AVS 71 Session AQS-SuA: AVS Quantum Science Workshop Oral Session (ALL-INVITED SESSION)

Research in quantum computing has provided numerous new physical insights and the potential to exponentially increase computational power for solving significant problems in science and technology. The primary obstacle to building a scalable quantum computer is errors caused by decoherence. Topological quantum computing addresses this challenge by utilizing topological materials that inherently limit errors.

In this talk, I will discuss the engineering of topological superconductors that support Majorana zero-energy modes at the interface between a conventional superconductor (Aluminum) and a semiconductor with spin-orbit interaction (Indium Arsenide). I will present recent findings from the Microsoft Quantum team that indicate the emergence of topological superconductivity in proximitized semiconductor nanowires. Additionally, I will cover recent measurements of fermion parity, which represent a step towards the fusion of Majorana zero modes. Finally, I will outline a proposal for scalable quantum computing that involves topological qubits composed of superconducting islands in a Coulomb blockade regime, hosting aggregates of four or more Majorana zero modes.

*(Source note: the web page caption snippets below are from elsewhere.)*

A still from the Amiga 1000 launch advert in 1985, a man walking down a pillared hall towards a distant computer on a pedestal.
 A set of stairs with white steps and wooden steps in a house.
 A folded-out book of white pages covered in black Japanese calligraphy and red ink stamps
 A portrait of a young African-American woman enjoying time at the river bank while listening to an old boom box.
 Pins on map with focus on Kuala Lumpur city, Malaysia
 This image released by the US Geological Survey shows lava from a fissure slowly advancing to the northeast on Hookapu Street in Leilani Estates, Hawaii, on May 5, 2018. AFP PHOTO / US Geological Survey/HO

Progress in superconducting qubit performance over the past three decades has led researchers to focus on scalable quantum computing. To achieve scalability, the following are among the desiderata: system stability, easy input/output, high component yields, low energy use, and predictable component performance with tight distributions. These demands are even more challenging for quantum computing.

The NY CREATES team, along with our partners, has taken on the scalability challenge by seeking to implement superconducting qubits at 300 mm wafer scale, leveraging state of the art tools and processes to support the development of a Superconducting Quantum Process Design Kit (PDK). A PDK will enable democratization of qubit design and fabrication for start-ups, academia and national labs - but a PDK is only as good as the fidelity with which fabricated devices meet the designer's intent. Hence it is critical to develop fabrication processes that are controlled and repeatable, in tools that are equipped with in situ monitors for process control.

This talk will describe our efforts to develop tantalum (Ta)-based qubits at 300 mm scale. We use α-Ta as the wiring material, and atomic layer deposited tantalum nitride in the tunnel barrier of the Josephson junction. The advantages provided by state-of-the-art 300 mm tools to enable in situ process monitoring and control will be described using a few examples from various stages of the process flow. This talk will discuss the impact of two-level systems in material surfaces and interfaces. We have addressed them in many ways - by burying some in a crystalline silicon matrix to eliminate air exposure, and by replacing native oxides with surface treatments providing improved physical characteristics. Implementation of integrated air bridges and lumped element resonators that use high kinetic inductance elements and capacitors that use crystalline silicon as the dielectric will be discussed. The talk will conclude with a description of the circuit elements that are being developed for the PDK cell library, both as ‘fixed geometry’ cells, and as parameterized cells.